All of lore.kernel.org
 help / color / mirror / Atom feed
From: Karl Relton <karllinuxtest.relton@ntlworld.com>
To: David Herrmann <dh.herrmann@gmail.com>
Cc: linux-bluetooth@vger.kernel.org
Subject: Re: hidp_get_raw_report source of 5 second delay in device removal
Date: Wed, 20 Feb 2013 17:17:21 +0000	[thread overview]
Message-ID: <1361380641.5261.11.camel@dellpc> (raw)
In-Reply-To: <CANq1E4Q+etVLVL6OxWdC=N+aodvS5sqjKY3ZqJwoGM5gCjdEFw@mail.gmail.com>

On Wed, 2013-02-20 at 16:44 +0100, David Herrmann wrote:
> >
> > The first patch is critical, the second makes everything neat and tidy.
> 
> I'm confused. I think the second one is critical, not the first one,
> right? At least according to the list above. Anyway, both bugs are
> known and need to be fixed. I reviewed both of your patches and the
> second one needs major rework as I think it's the wrong fix.
> 

Well its semantics and one's point of view. The 5 second delay is a big
hit ... and can have other side effects such as making hidp_session race
against the sock structure eventually being orphaned (which leads to a
kernel OOPS). Anyway - at least we are both on the same page now.

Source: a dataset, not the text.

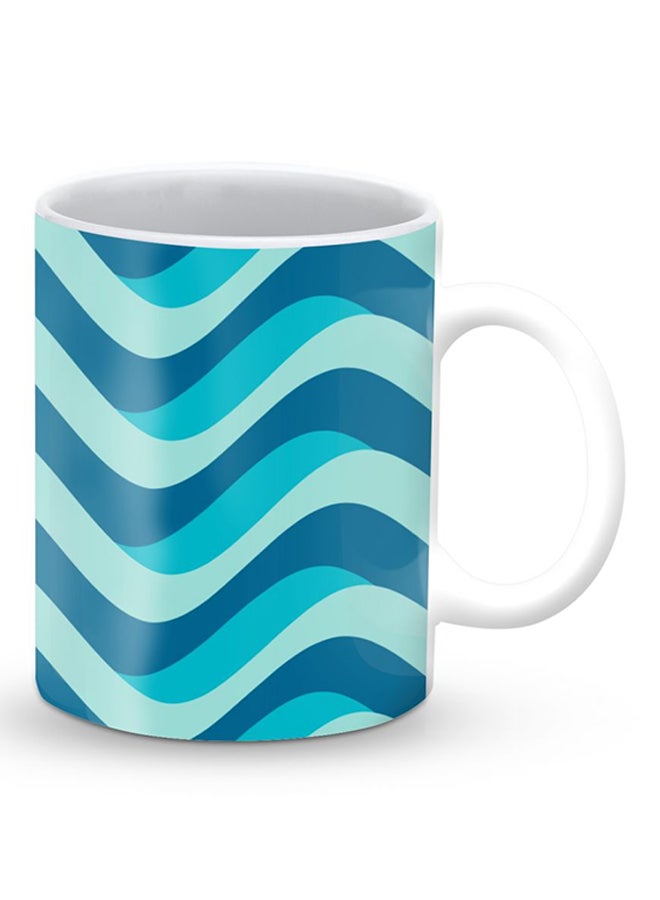 Stylizedd Premium Curvy Blue Designer Mug Blue/Green - Image 2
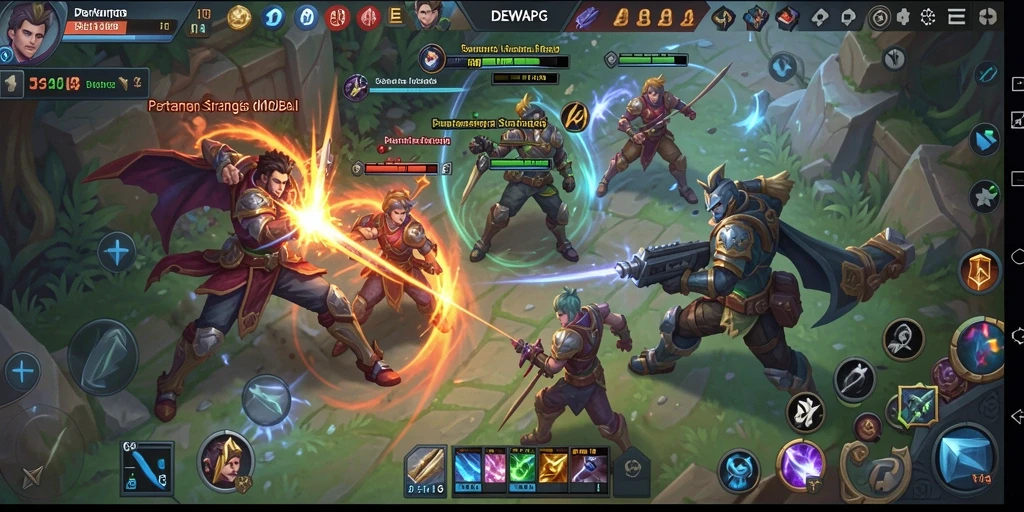 Tampilan gameplay seru dalam DEWAPG saat tim bersiap untuk bertarung.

> Some minor comments below:
> 
> > Feb 20 09:31:15 laptop2 kernel: [  334.375756] hci_chan_del: hci0 hcon e000bc00 chan e00d7dc0
> > *** the l2cap_disonn_cfm/l2cap_chan_del above triggers the hidp_session
> > *** thread, so hidp_session can now fall out its main loop.
> > *** hidp_session then does hid_destroy_device(), which through code in the power_supply
> > *** part of the kernel invokes a battery status lookup which requires a call to hidp_get_raw_report
> 
> Yeah, same procedure applies to device-unplug. The calltrace is
> totally valid and understandable. Your "atomic_inc(&hidp->terminate)"
> patch fixes this problem properly.
> 

Yep - I'll resend with your comment there taken on board.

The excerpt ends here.